(Exercise description): Below are records with pictures in them. Output exactly the lines from the one with "A cluster of" through the one with "fresh peas in a hand", both included, and leave every picture out; give only those lines.

:: Record excerpts

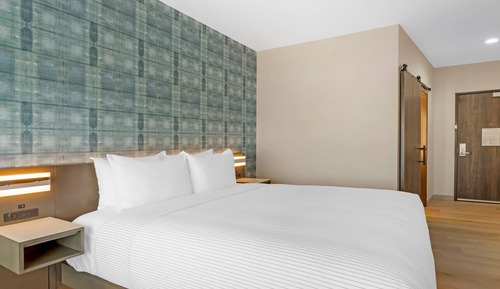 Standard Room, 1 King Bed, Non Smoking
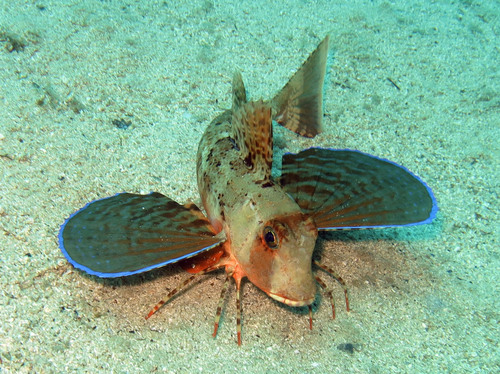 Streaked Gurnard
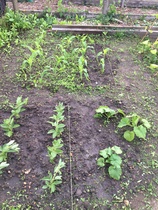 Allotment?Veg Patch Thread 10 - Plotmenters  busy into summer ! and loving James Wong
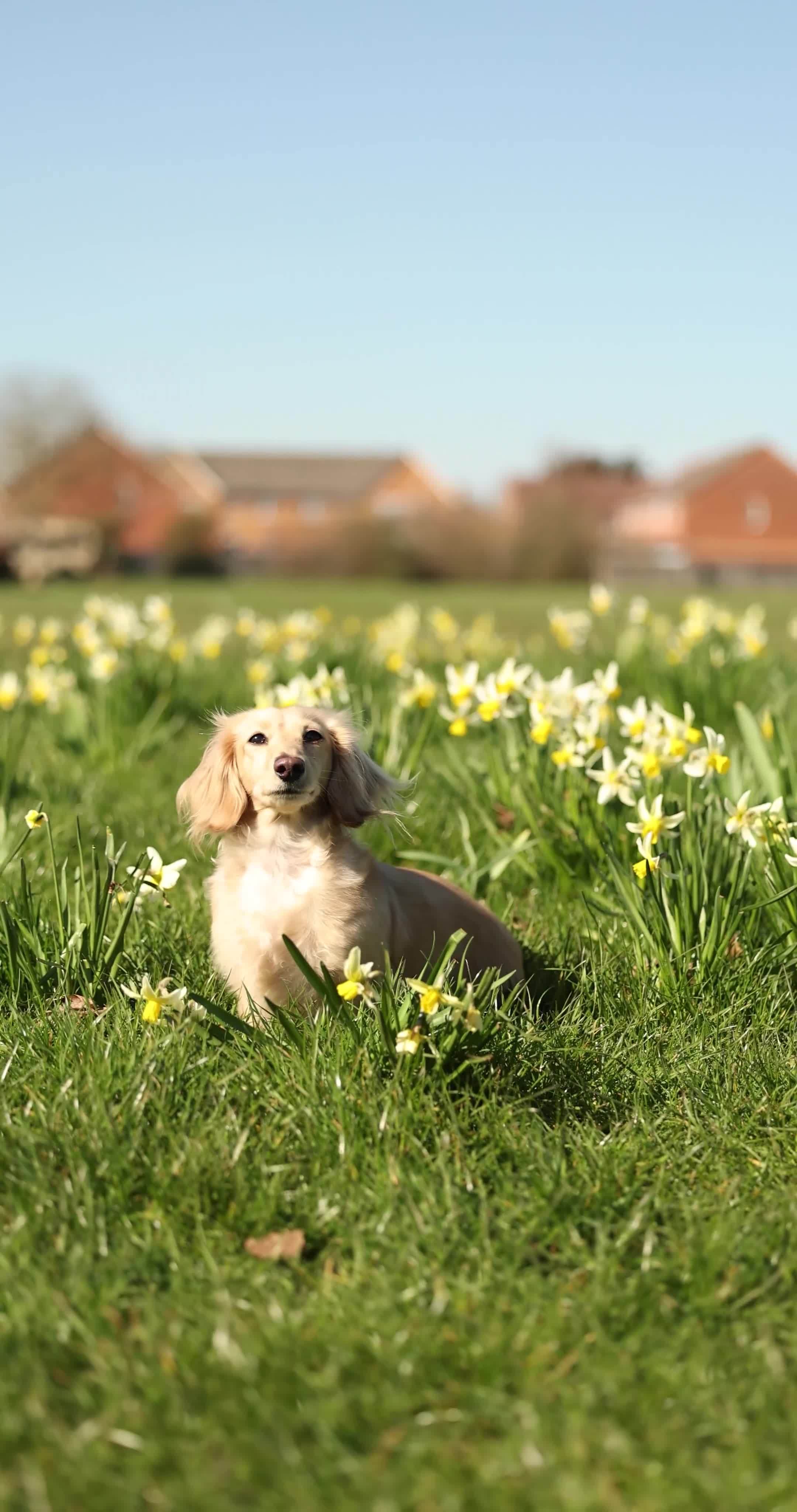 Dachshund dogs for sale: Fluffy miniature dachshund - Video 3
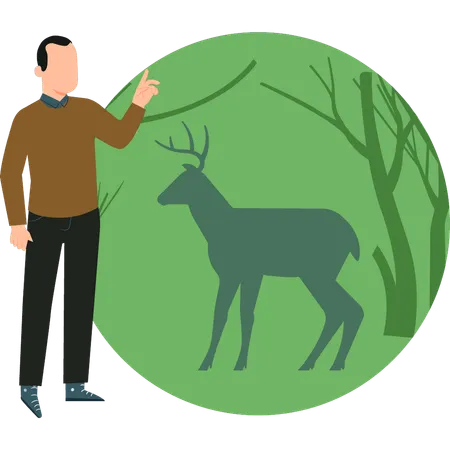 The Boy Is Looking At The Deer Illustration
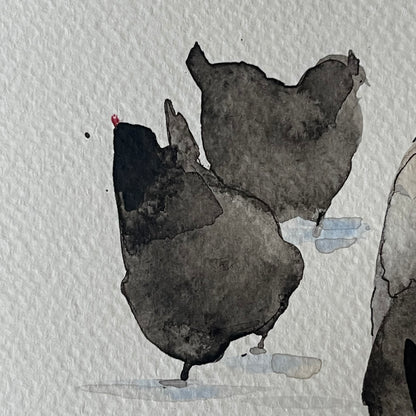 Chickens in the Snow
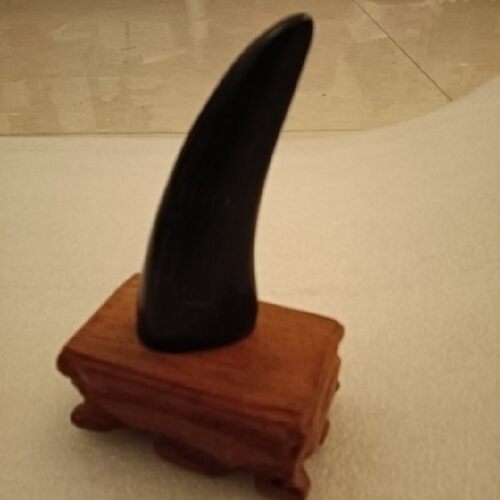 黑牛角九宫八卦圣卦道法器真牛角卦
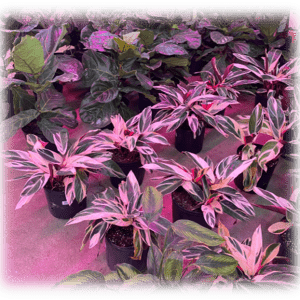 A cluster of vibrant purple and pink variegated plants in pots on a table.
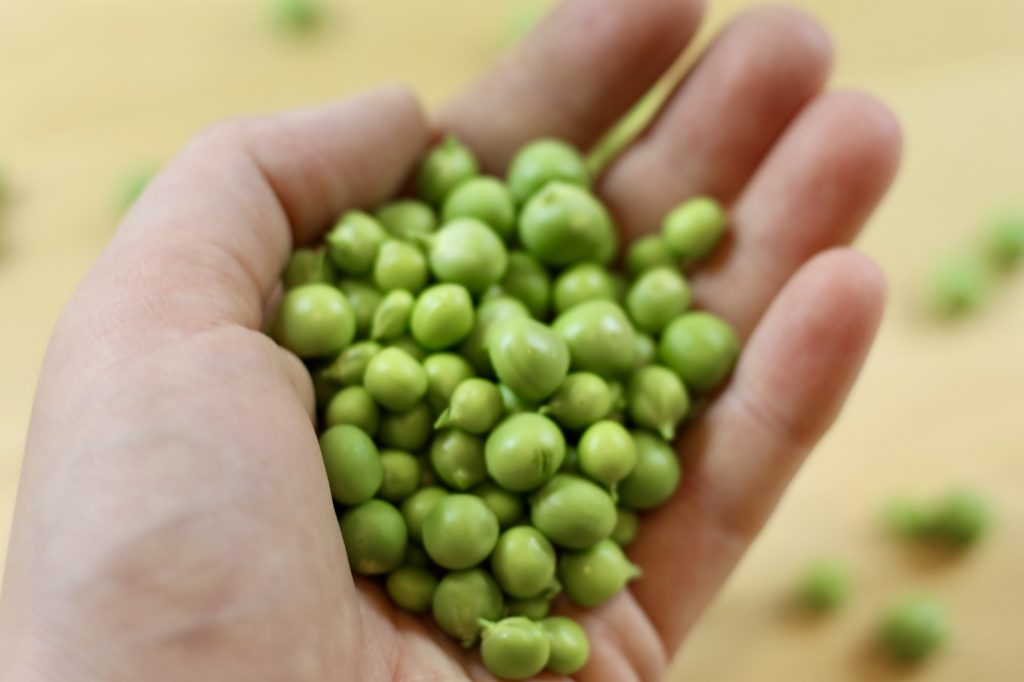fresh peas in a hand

::::
:: Record excerpts

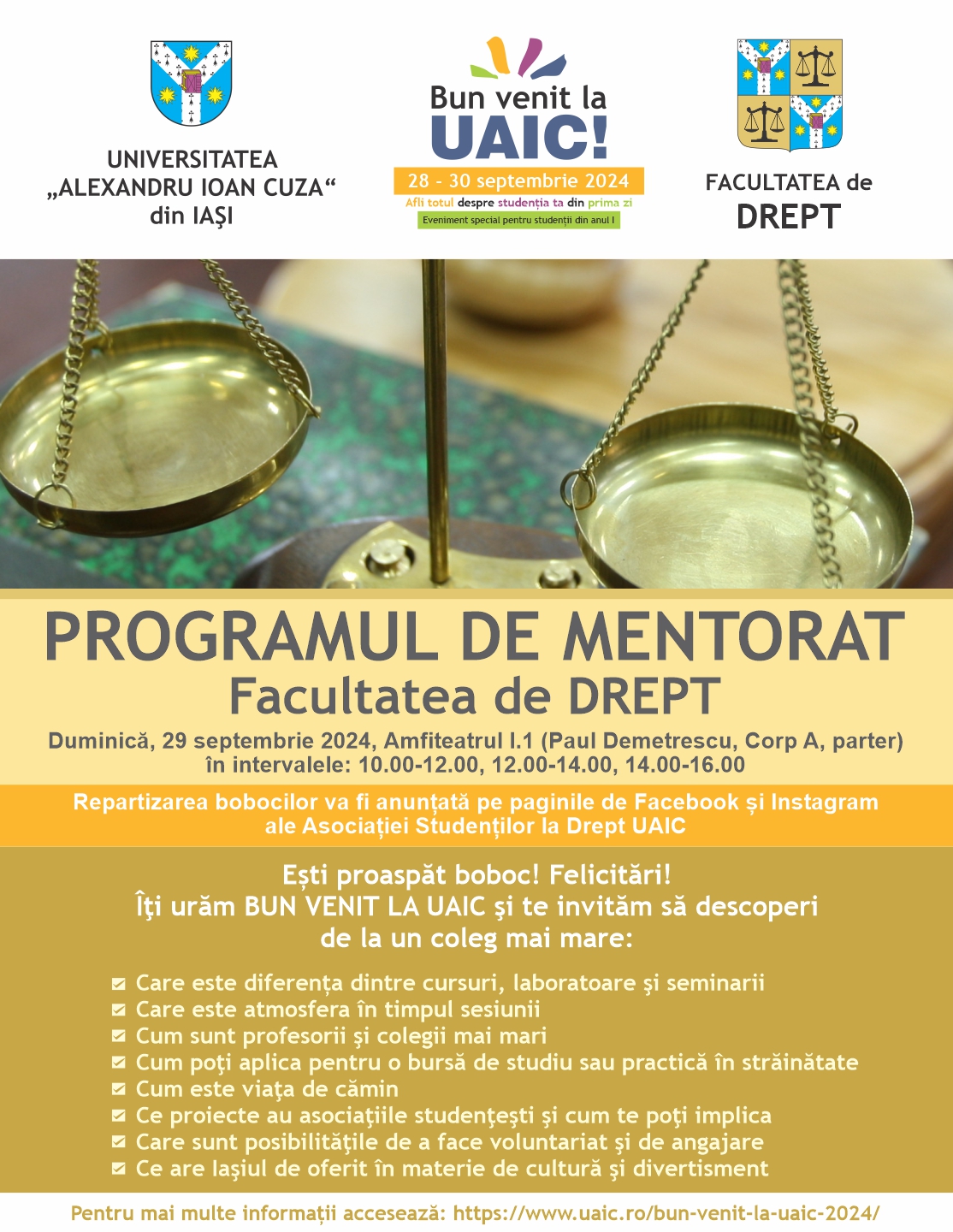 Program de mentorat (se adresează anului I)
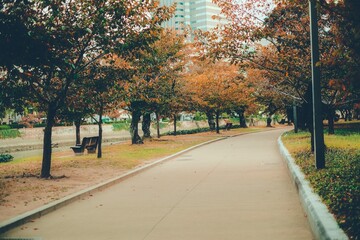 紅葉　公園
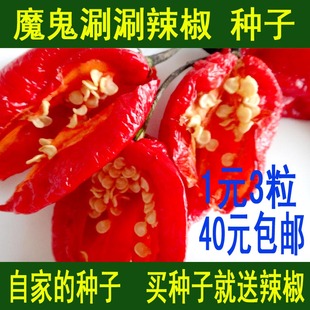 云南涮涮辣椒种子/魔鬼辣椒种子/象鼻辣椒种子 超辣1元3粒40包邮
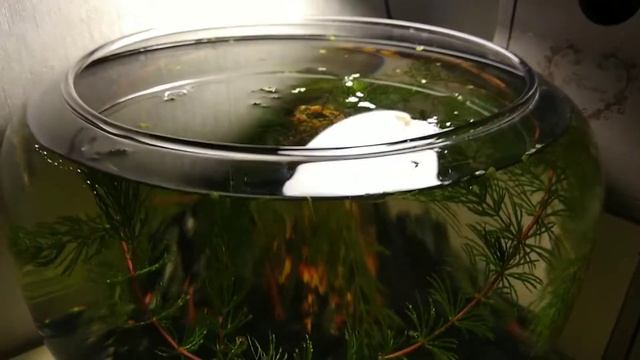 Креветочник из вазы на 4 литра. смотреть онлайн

::::
:: Record excerpts

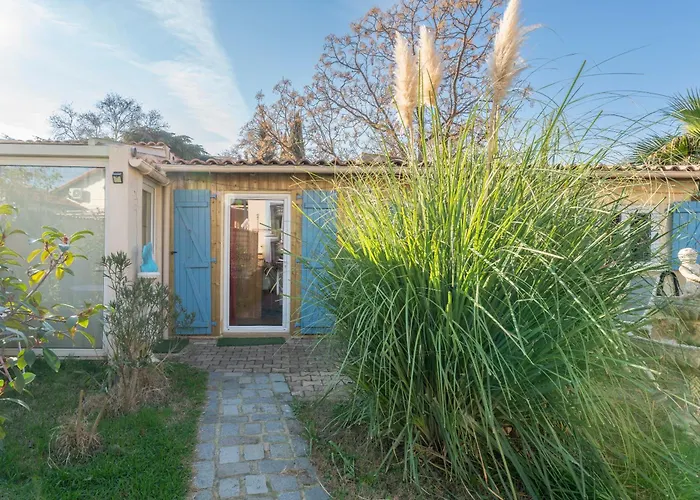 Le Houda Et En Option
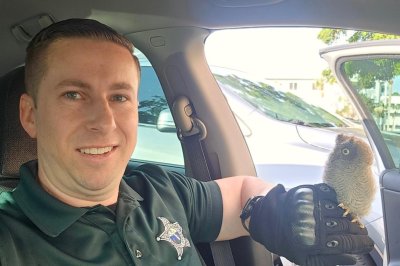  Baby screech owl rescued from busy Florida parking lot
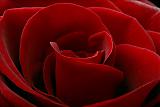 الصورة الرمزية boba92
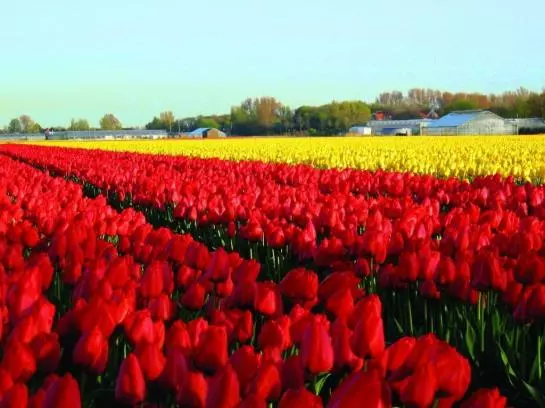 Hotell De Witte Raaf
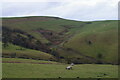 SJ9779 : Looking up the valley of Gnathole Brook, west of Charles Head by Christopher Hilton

::::

(Worked solution):
 A cluster of vibrant purple and pink variegated plants in pots on a table.
fresh peas in a hand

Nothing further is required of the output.